「貯金しなさい!」という両親の声に耳を貸さずに使い切ってしまい、「お前の財布のひもは、本当に緩いな…」と、呆れられたものだった。
臨時収入があった場合、どれだけ消費に回すのかという「財布のひも」を示すのが、「限界消費性向」だ。「限界」とは「追加された…」という意味で、新たに増えた所得の中で、何%が消費に回されるかを示す。10万円の臨時収入があり、その内の8万円を旅行などに使い、残りの2万円を貯金した場合、限界消費性向は0.8(=8万円÷10万円)となる。

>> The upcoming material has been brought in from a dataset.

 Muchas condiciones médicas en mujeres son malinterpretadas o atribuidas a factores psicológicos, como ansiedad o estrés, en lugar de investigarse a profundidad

限界消費性向は、所得が低い人ほど大きく、高額所得者ほど小さいとされている。所得が低いと臨時収入の大半を使ってしまうが、高額所得者は収入に余裕があることから、臨時収入があっても追加的な消費に回す部分は少なく、貯蓄や投資などに使うことが多いというわけだ。
限界消費性向は、景気の状況によって変化することもある。景気がよく、将来に対する不安が少ないと、限界消費性向が大きくなり、消費が拡大する。消費が拡大すると、景気が一層よくなり、これが所得のさらなる増加を生み、消費がより大きくなるという、好循環につながる。限界消費性向が大きくなり、「財布のひも」が緩くなることで、景気拡大が加速するというわけだ。
一方で、景気が悪くなると、不安心理が広がって限界消費性向が低下、消費の減少→景気の悪化→所得の減少という悪循環に陥る。「財布のひも」が締められることで、景気がさらに悪化してしまうのだ。
さらに、限界消費性向は、政府の景気対策の効果にも関係する。
消費はGDP(国内総生産)の6割を占め、その増減は景気動向を大きく左右する。このため、景気が悪化すると、政府は減税や給付金の支給などによって所得を増加させ、消費を増やす政策を打ち出す。しかし、限界消費性向が低いと、所得をいくら増やしても貯蓄に回されるだけで消費は増えず、景気を回復させる力が弱まってしまうのだ。
日本の限界消費性向は0.7程度と言われていた。しかし、景気対策の一環として1999年に配布された総額6194億円の地域振興券の場合、消費に回されたのは32%だったと政府は推定している。地域振興券の限界消費性向は0.32だったことになる。
また、2009年に打ち出された総額2兆円の定額給付金について、民間のシンクタンクは限界消費性向を0.2程度と予測している。限界消費性向がこの程度なら、「財布のひも」が固すぎて、消費を増やそうという景気刺激策は、ほとんど役に立たないことになる。
一方で、アメリカの限界消費性向は、日本に比べてかなり高く、0.7~0.9程度とされている。「財布のひも」が緩いアメリカでは、消費を増やす景気対策が、日本よりはるかに効果を上げている。
消費者の「財布のひも」を示す限界消費性向。その水準は、政府の景気対策を左右する重要な意味を持っているのである。